What you will do:
Every line of the listing below from the one with "Nissan Qashqai Tekna" up to and including the one with "Hanoi Elpis Hotel" should be retyped exactly, and nothing else; pictures are not part of the copy.

Data excerpts:
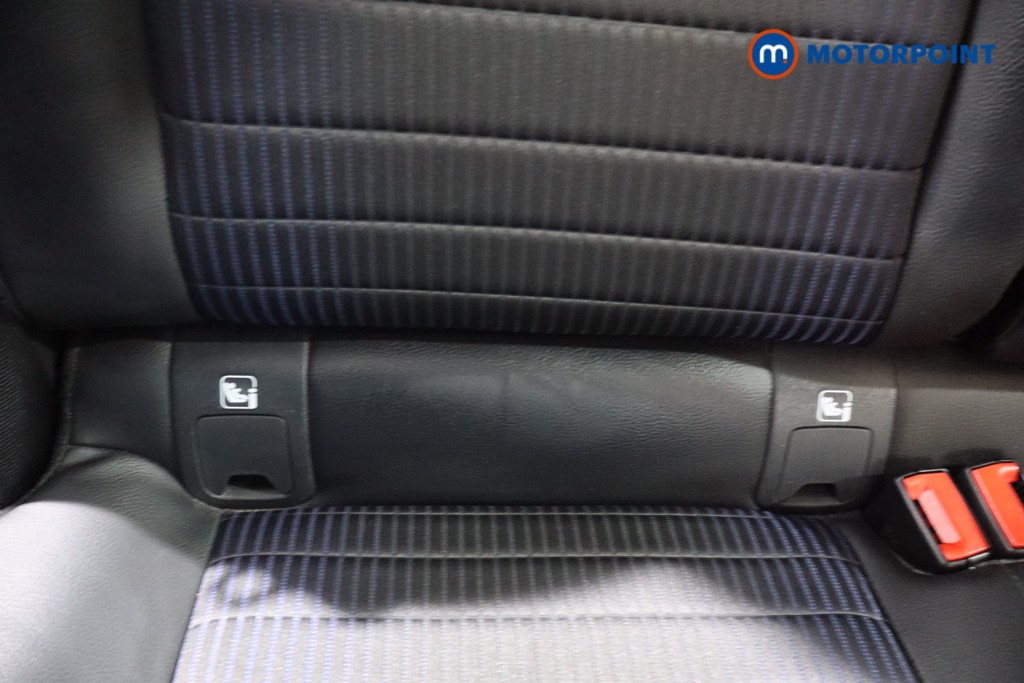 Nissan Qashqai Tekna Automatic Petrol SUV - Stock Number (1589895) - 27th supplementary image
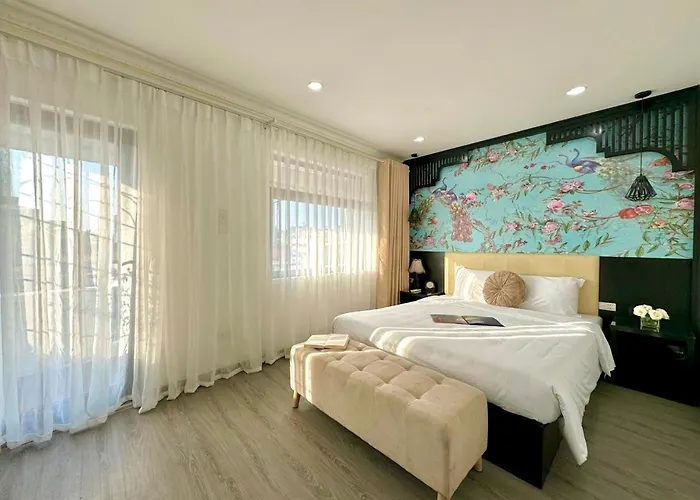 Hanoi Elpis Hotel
==
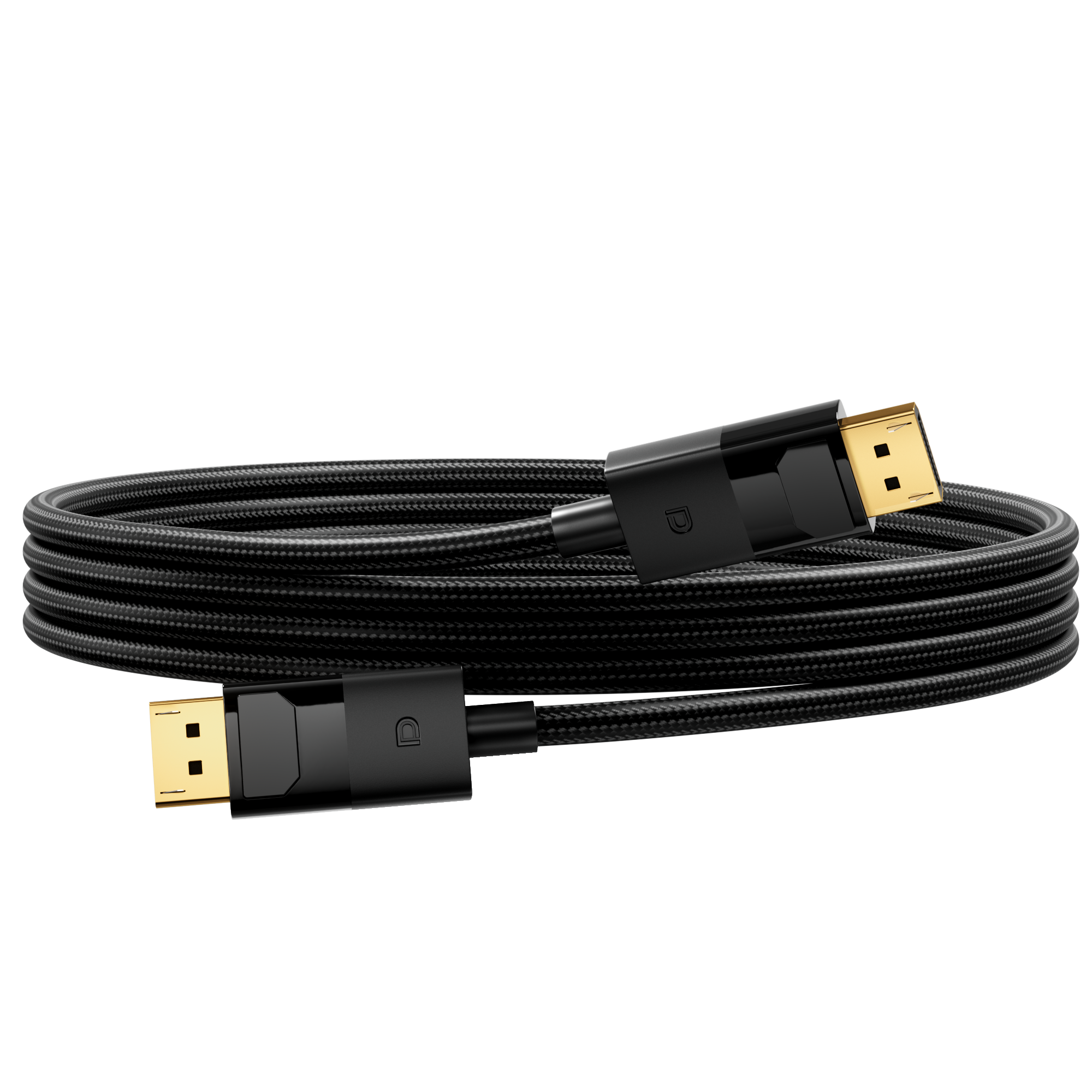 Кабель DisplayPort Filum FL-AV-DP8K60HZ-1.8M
---
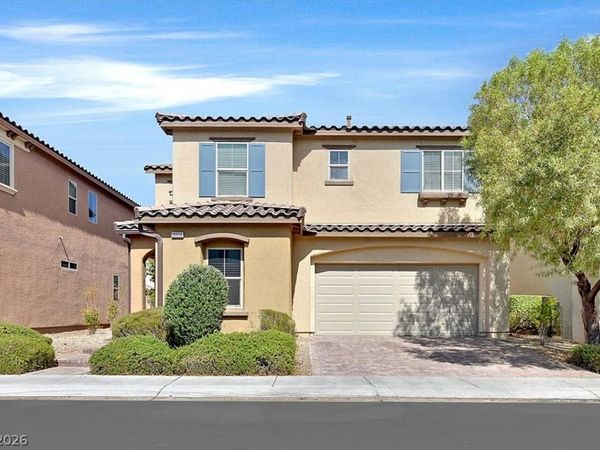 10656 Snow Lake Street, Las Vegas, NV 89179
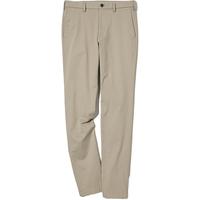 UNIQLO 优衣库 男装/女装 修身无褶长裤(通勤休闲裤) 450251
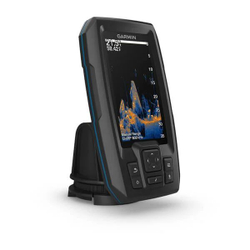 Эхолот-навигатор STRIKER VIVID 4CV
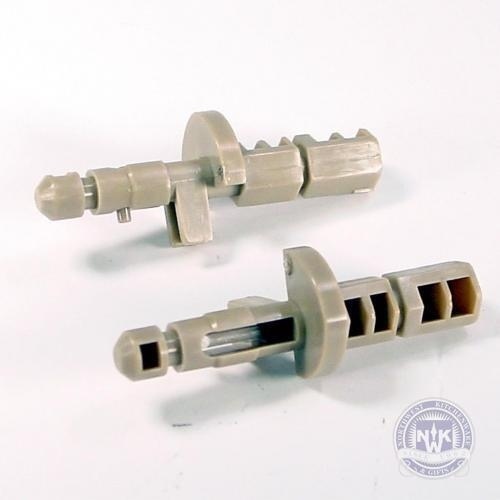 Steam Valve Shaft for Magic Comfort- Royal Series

Reply:
 Nissan Qashqai Tekna Automatic Petrol SUV - Stock Number (1589895) - 27th supplementary image
 Hanoi Elpis Hotel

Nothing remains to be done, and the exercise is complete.